#### [THE PROBLEM]
In the records below, the line that contains "市川猿之助さんのインスタグラム写真 - (市川猿之助Instagram)「#岡山で" marks the start. Copy it and each line after it through the end, exactly, without pictures.

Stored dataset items
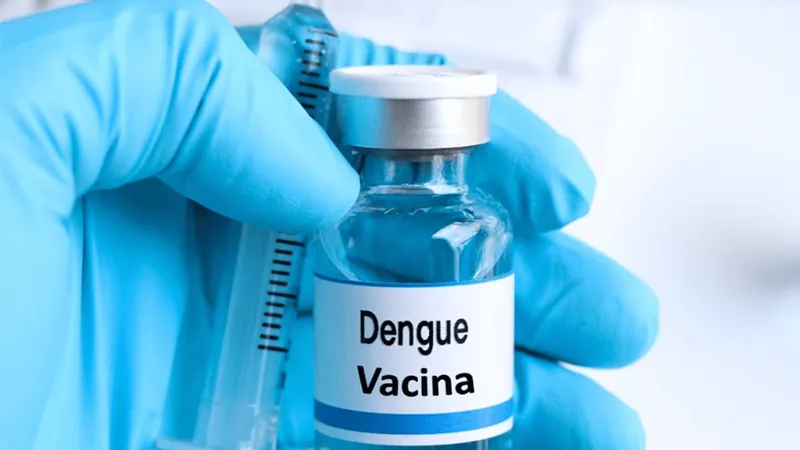 Rio inicia segunda dose de vacina da dengue em crianças e adolescentes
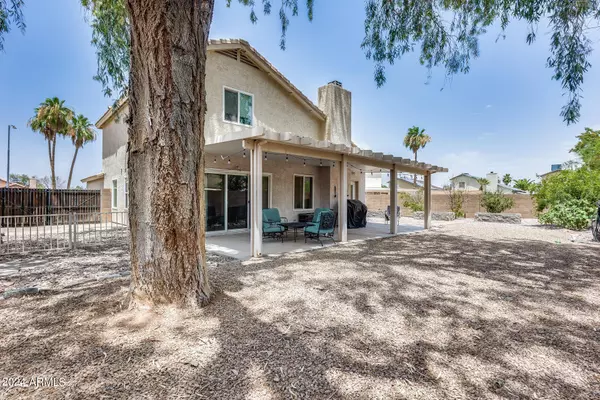 3035 E TOPEKA Drive, Phoenix, AZ 85050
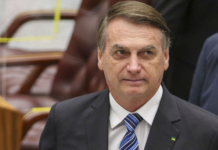 Ex-presidente Bolsonaro é internado em hospital nos EUA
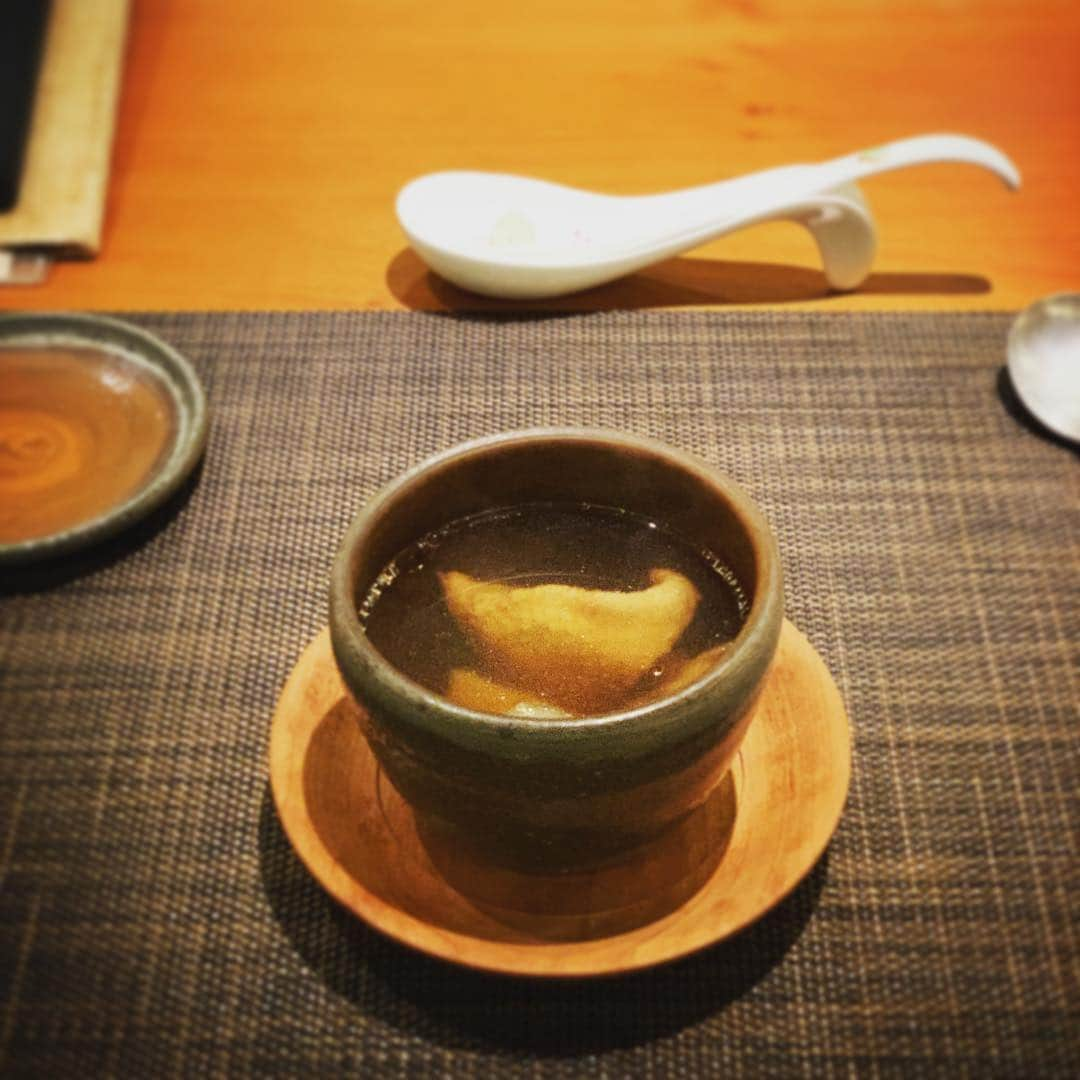 市川猿之助さんのインスタグラム写真 - (市川猿之助Instagram)「#岡山で #うまい #中華料理 #堪能した #ワイン #日本酒 #もちろん #紹興酒 #何でも合う #素敵なお店を #見つけると #嬉しいな」2月20日 13時27分 - ennosuke_ichikawa4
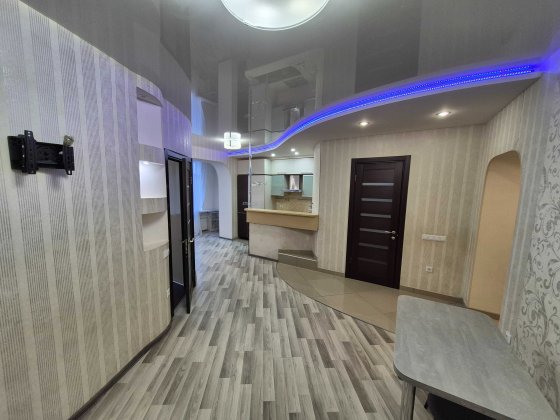 Сдам 2комн квартиру ЖК Времена Года. Пос. Жуковского. Харків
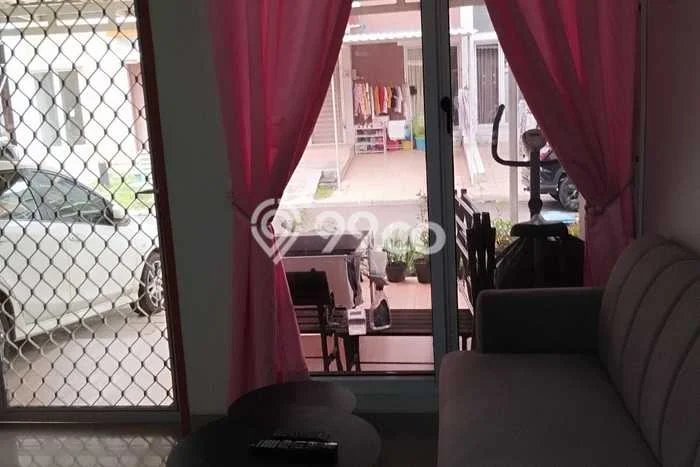Rumah Minimalis 3 KT di Gading Serpong Tangerang Semi Furnished Rumah Minimalis 3 KT di Gading Serpong Tangerang Semi Furnished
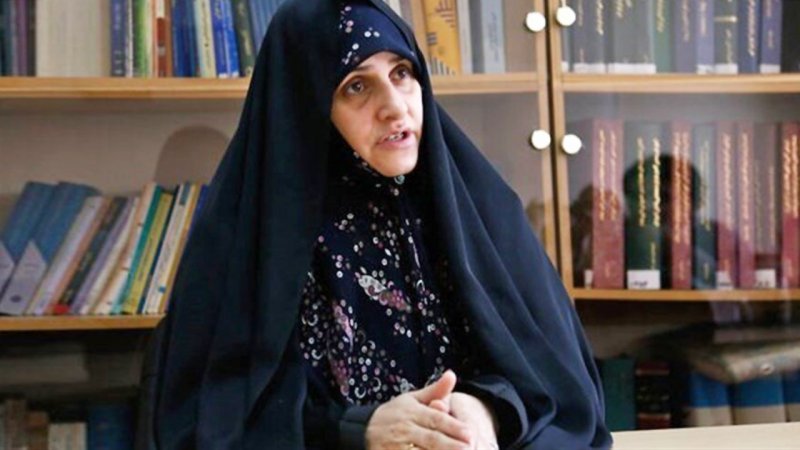 تصویری دردناک از  سوگواری جمیله علم الهدی بر سر تابوت همسرش + عکس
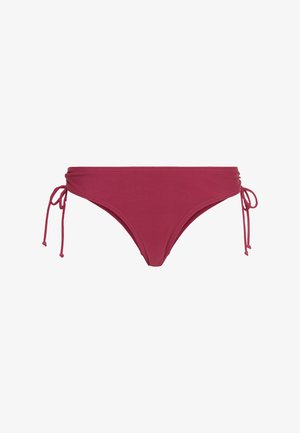 Parte inferior de bikini en color frambuesa con lazos laterales ajustables, textura suave y un diseño de corte bajo. Sin patrones ni acentos visibles.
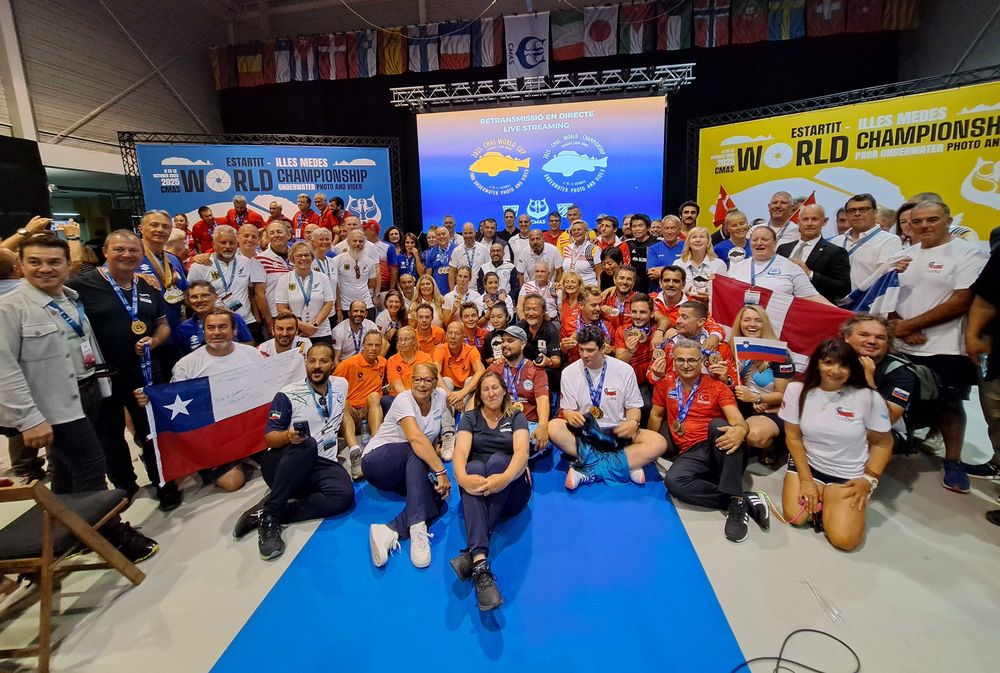 Photo de groupe rassemblant l'ensemble des compétiteurs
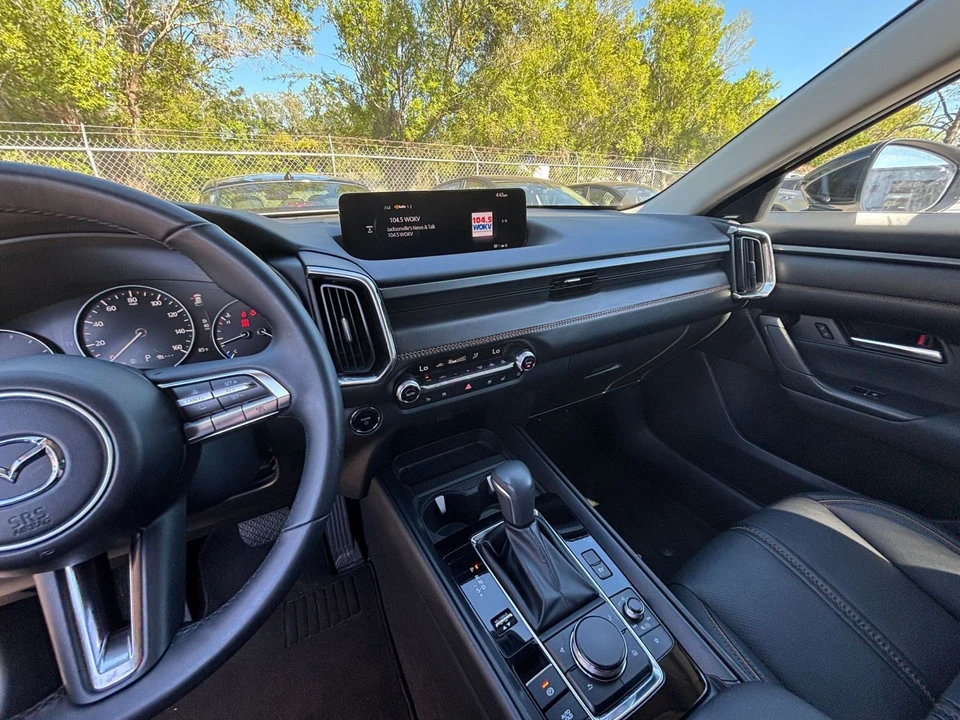 2025 Mazda CX-50 - Image 14 of 31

#### [ANSWER TO THIS PROBLEM]
 市川猿之助さんのインスタグラム写真 - (市川猿之助Instagram)「#岡山で #うまい #中華料理 #堪能した #ワイン #日本酒 #もちろん #紹興酒 #何でも合う #素敵なお店を #見つけると #嬉しいな」2月20日 13時27分 - ennosuke_ichikawa4
 Сдам 2комн квартиру ЖК Времена Года. Пос. Жуковского. Харків
Rumah Minimalis 3 KT di Gading Serpong Tangerang Semi Furnished Rumah Minimalis 3 KT di Gading Serpong Tangerang Semi Furnished
 تصویری دردناک از  سوگواری جمیله علم الهدی بر سر تابوت همسرش + عکس
 Parte inferior de bikini en color frambuesa con lazos laterales ajustables, textura suave y un diseño de corte bajo. Sin patrones ni acentos visibles.
 Photo de groupe rassemblant l'ensemble des compétiteurs
 2025 Mazda CX-50 - Image 14 of 31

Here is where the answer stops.